_What to work on_
Pictures aside, write every record out again word for word.

■ ■ ■ ■ ■ ■ ■

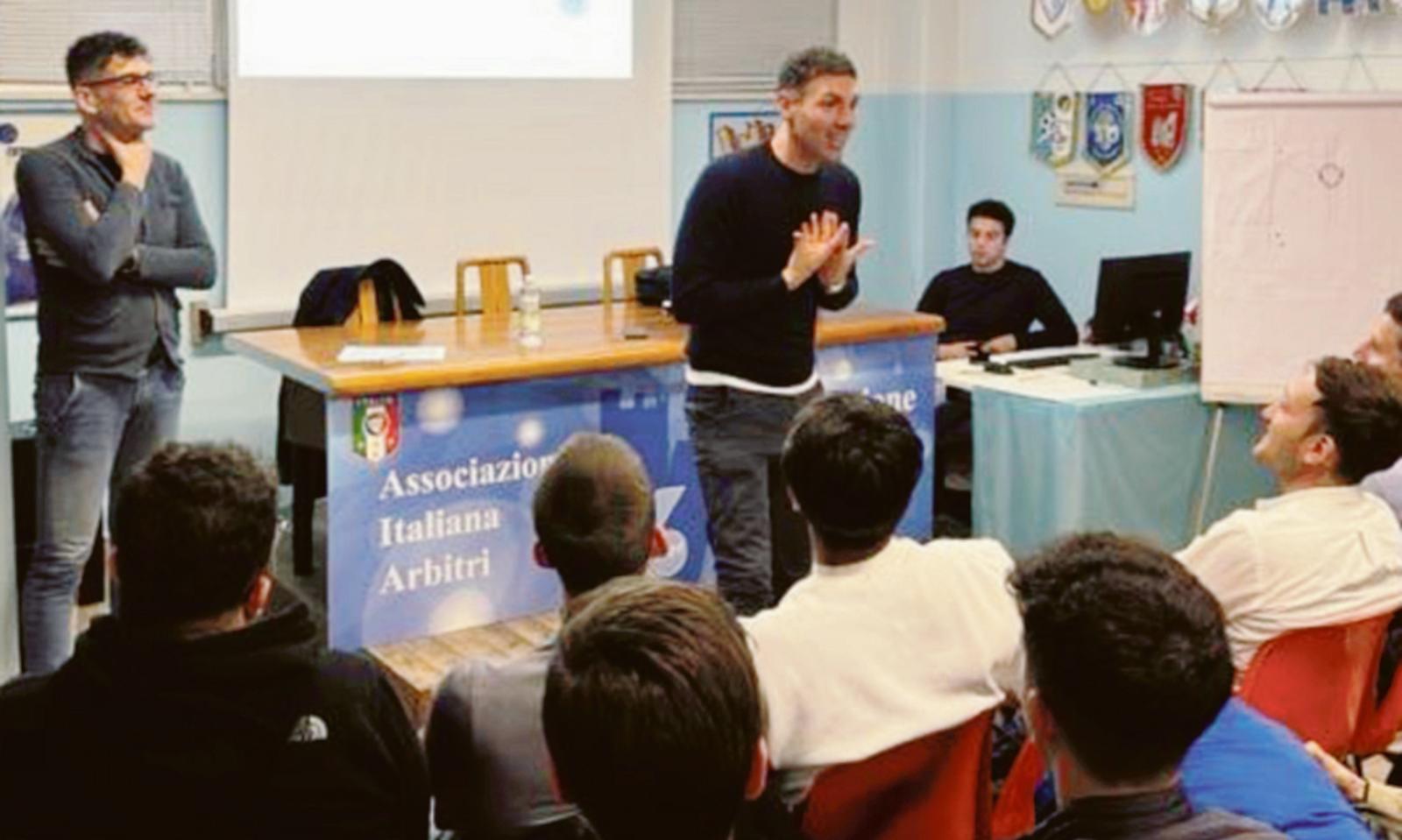 &ldquo;Persone per bene prima che arbitri&rdquo;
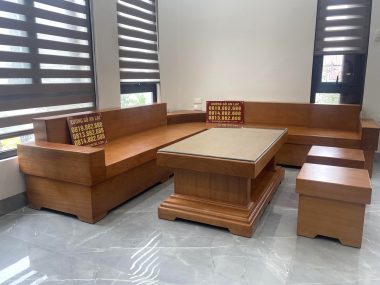 mẫu sofa góc L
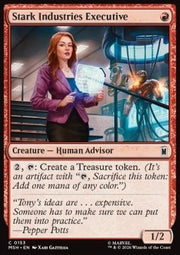 Stark Industries Executive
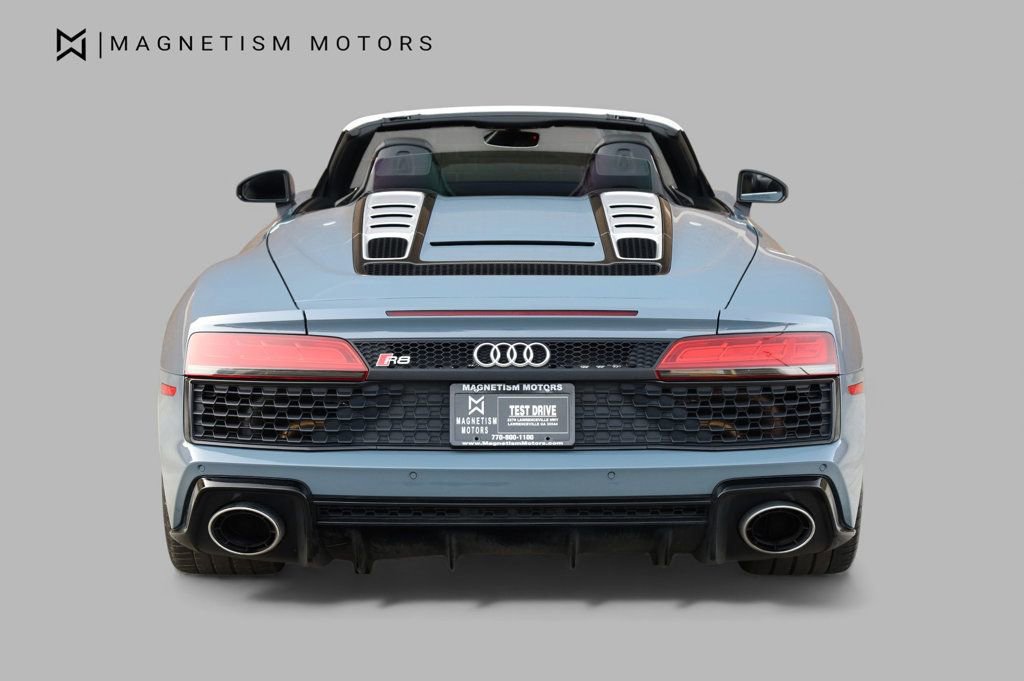 Used 2020 Audi R8 V10 w/ Carbon Exterior Package image 10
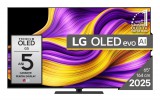 LG OLED evo AI OLED65G53LS 165,1 cm (65") 4K Ultra HD Smart TV Wi-Fi Fekete Televízió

■ ■ ■ ■ ■ ■ ■

_Response to this task_
 &ldquo;Persone per bene prima che arbitri&rdquo;
 mẫu sofa góc L
 Stark Industries Executive
 Used 2020 Audi R8 V10 w/ Carbon Exterior Package image 10
 LG OLED evo AI OLED65G53LS 165,1 cm (65") 4K Ultra HD Smart TV Wi-Fi Fekete Televízió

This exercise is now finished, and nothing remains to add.